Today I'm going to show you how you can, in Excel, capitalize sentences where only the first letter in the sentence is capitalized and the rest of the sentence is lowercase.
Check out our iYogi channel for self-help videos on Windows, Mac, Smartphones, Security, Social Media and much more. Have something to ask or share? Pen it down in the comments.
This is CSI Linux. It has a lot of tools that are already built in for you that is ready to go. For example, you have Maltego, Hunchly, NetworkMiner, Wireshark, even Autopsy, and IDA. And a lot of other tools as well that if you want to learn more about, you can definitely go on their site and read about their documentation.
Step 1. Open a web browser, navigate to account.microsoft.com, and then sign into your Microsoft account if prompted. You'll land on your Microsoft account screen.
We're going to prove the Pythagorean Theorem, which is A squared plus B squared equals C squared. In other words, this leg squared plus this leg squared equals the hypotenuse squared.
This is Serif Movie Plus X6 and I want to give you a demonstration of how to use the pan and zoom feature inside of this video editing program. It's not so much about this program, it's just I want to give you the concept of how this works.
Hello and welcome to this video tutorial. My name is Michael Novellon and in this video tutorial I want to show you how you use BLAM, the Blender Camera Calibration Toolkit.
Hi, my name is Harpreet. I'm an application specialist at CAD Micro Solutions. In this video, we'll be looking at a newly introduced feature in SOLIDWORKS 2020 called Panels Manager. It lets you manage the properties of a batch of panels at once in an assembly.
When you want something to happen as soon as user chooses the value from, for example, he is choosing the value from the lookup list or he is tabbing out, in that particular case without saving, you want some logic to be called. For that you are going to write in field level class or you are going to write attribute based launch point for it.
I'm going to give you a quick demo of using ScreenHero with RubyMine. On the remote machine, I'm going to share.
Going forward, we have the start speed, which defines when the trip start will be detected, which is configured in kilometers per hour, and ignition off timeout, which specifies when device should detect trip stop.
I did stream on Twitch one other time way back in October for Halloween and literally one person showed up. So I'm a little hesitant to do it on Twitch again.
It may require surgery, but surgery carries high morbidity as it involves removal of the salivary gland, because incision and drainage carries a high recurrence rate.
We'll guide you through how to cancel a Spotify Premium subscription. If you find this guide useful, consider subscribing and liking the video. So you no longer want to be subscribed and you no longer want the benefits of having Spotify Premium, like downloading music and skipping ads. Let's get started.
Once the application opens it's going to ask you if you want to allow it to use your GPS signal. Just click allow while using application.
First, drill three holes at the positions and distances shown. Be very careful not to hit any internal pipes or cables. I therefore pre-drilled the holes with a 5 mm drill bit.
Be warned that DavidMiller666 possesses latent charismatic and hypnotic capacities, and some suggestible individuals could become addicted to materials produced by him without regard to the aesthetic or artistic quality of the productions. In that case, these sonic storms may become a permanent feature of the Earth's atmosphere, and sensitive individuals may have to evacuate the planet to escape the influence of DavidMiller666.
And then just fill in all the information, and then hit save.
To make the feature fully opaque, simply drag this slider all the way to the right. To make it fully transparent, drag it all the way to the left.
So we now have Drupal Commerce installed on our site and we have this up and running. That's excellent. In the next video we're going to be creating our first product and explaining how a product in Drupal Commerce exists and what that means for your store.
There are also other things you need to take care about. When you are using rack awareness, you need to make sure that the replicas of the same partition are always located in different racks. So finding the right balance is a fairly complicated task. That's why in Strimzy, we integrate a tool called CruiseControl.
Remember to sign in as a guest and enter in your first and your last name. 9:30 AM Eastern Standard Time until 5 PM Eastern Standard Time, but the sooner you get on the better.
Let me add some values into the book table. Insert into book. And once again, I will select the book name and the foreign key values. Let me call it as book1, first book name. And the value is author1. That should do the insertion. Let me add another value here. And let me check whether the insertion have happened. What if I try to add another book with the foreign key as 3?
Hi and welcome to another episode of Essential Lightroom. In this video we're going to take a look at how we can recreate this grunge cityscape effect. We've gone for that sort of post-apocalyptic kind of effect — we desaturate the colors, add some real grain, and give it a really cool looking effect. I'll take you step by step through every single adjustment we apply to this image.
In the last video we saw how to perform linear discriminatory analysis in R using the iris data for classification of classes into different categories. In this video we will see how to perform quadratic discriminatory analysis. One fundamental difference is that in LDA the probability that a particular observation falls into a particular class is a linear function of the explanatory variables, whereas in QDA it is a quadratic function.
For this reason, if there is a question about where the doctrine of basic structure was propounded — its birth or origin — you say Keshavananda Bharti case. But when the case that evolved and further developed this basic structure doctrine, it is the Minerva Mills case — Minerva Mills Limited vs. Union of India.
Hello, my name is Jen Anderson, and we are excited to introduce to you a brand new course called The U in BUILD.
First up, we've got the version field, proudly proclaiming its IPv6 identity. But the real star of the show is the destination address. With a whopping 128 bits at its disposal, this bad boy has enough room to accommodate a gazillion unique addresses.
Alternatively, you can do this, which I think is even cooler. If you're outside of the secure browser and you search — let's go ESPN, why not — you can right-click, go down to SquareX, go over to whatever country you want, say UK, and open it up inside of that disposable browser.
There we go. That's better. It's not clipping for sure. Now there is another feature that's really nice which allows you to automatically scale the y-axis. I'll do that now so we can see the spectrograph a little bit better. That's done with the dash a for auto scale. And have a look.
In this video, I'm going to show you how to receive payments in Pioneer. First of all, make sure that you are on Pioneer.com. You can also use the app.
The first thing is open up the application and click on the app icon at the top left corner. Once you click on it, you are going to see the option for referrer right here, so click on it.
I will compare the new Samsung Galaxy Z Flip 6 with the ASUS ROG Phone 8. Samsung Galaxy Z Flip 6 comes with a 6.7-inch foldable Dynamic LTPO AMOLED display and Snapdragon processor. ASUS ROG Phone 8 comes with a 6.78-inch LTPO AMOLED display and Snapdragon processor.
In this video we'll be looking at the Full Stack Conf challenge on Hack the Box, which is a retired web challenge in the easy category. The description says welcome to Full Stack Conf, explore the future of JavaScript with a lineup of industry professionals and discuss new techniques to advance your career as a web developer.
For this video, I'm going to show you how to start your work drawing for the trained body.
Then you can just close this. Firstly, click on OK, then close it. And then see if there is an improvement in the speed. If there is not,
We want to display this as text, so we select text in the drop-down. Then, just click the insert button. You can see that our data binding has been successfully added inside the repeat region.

********************

• _REQUIREMENT_: When you reach the line with "Hi and welcome" in the records above, start writing out lines exactly, and stop once the line with "In the last" has been written; include nothing else.

• _ANSWER FOR THIS EXERCISE_:
Hi and welcome to another episode of Essential Lightroom. In this video we're going to take a look at how we can recreate this grunge cityscape effect. We've gone for that sort of post-apocalyptic kind of effect — we desaturate the colors, add some real grain, and give it a really cool looking effect. I'll take you step by step through every single adjustment we apply to this image.
In the last video we saw how to perform linear discriminatory analysis in R using the iris data for classification of classes into different categories. In this video we will see how to perform quadratic discriminatory analysis. One fundamental difference is that in LDA the probability that a particular observation falls into a particular class is a linear function of the explanatory variables, whereas in QDA it is a quadratic function.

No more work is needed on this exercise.